LOS ANGELES, CA – Alright. Listen. I am well aware of how effective and important unions are to protect the rights of workers, but if those lazy fucks don’t start using the vanilla pump once in a while their paychecks will be fed to shredders.

I have been CONSISTENTLY burned by the Birnkrant Starbucks; their ill will against me manifests in handing me a “grande soy latte”. Are they even grateful for the extra 2 dollars an hour they earn off the backs of hard working voters like me? 

Now I don’t want to be a “party pooper”, but mark my words, Starbucks. If you don’t start putting a little elbow grease into making my drink, I’ll be seeing your sorry asses in court. Not to name names, but especially you, “Barista” John. This is your final warning; the next time I have to awkwardly pause and slowly enunciate “vanilla” will be the last.

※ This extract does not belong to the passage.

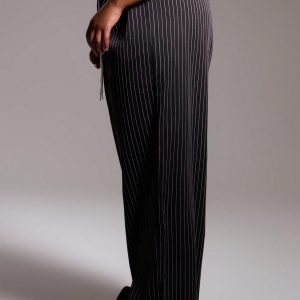 MUSERA Plus Size Woven Pinstripe Drawstring Waist Trousers - Image 2
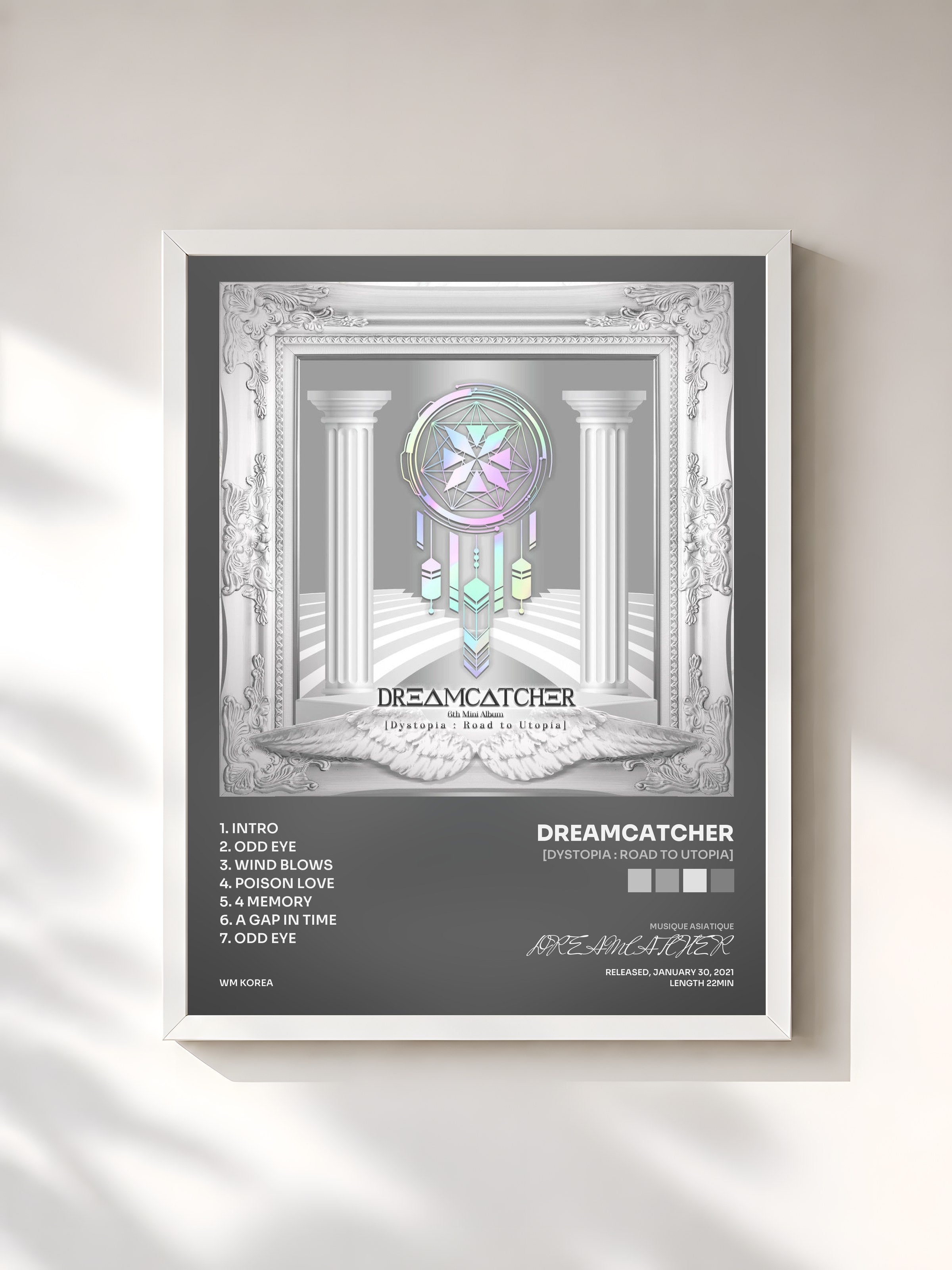 #blanc Tableau de l'album [Dystopia : Road to Utopia] de DREAMCATCHER, cadre blanc, imprimé et encadré en France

Actually, don’t think you’re getting off that easy, “Barista” John. Honestly, I’m offended you might have any dental coverage. I’d like to think I’m a pretty nice guy, but I say something when I don’t taste something, and I will say it to the entire store repeatedly. I remember during our first bout you offered to “remake the drink for me” and apologized. Does one simply offer to repaint the Mona Lisa after pissing on it? John, our final battle will be fierce and bloody. When I go to sleep I have dreams of the two of us atop a great mountain at dawn. We are naked and gleaming in sweat, a dagger tightly brandished in our hands. In those dreams we fight like wild animals, and each rip of blade against flesh only fuels greater bloodlust. Use that partial dental coverage to replace the teeth I’m going to partially fucking knock out.

Anyway, the point is I’ve been speaking to the manager over the phone while writing this article. That’s right John, you sorry sap. Your greasy hands will never defile those sacred cardstock cups again, leaving traces of your paid sick leave grandeur. I writhe in delight imagining your chapped lips hanging agape, eyes bulging, when you learn your lunch breaks have been shortened to a claustrophobic 10 minutes. I hope you picture me in your mind, smiling with clenched teeth, and I hope you feel the beast inside claw at your organs, yearning to tear me to ribbons. Also, if you have a sugar free vanilla option I kind of want that because I think the regular vanilla  is giving me stomach aches.